ETAF Urges Clarifications Ahead of 2026 Review of Whistleblower Protection Directive
On 17 September 2025, the European Tax Adviser Federation (ETAF) submitted comments to the European Commission ahead of the 2026 evaluation of the Whistleblower Protection Directive, calling for clearer terminology and reduced administrative burdens.
The Directive establishes minimum EU-wide protections for individuals reporting breaches of Union law and requires Member States to ensure that organisations with 50 or more employees set up internal reporting channels (→eucrim 4/2019, 238-239). The ETAF acknowledges that the rules have strengthened ethical behaviour but warns that inconsistent national interpretations undermine legal certainty.

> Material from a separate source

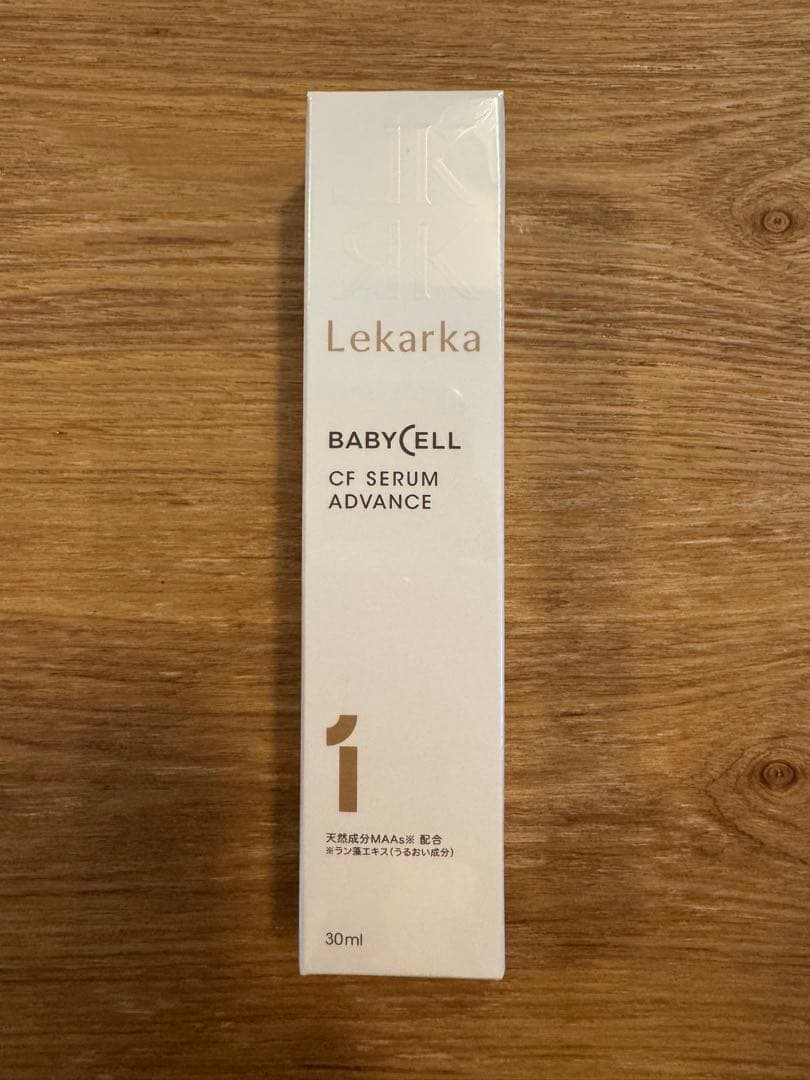 美容液 Lekarka BABY CELL CF SERUM ADVANCE 30ml 3つのステップで効果を高める！1ステップ目のとろり潤う美容液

Central to the ETAF’s concerns: the uneven transposition of the English term for "legal professional privilege". Germany, for instance, translated it as “attorney-client privilege,” limiting the exemption to lawyers and excluding tax advisers, despite their statutory confidentiality obligations. Austria, by contrast, extends the protection to auditors and tax advisers through a purpose-driven approach. The ETAF argues that such divergences have created inconsistency across the EU and calls for a uniform, more accurate term in future – such as “duty of confidentiality of the legal professions.”
Another concern is the bureaucratic burden created by the Directive’s requirement for internal reporting channels. The ETAF proposes raising the employee threshold from 50 to at least 100, which would ease compliance costs for medium-sized firms.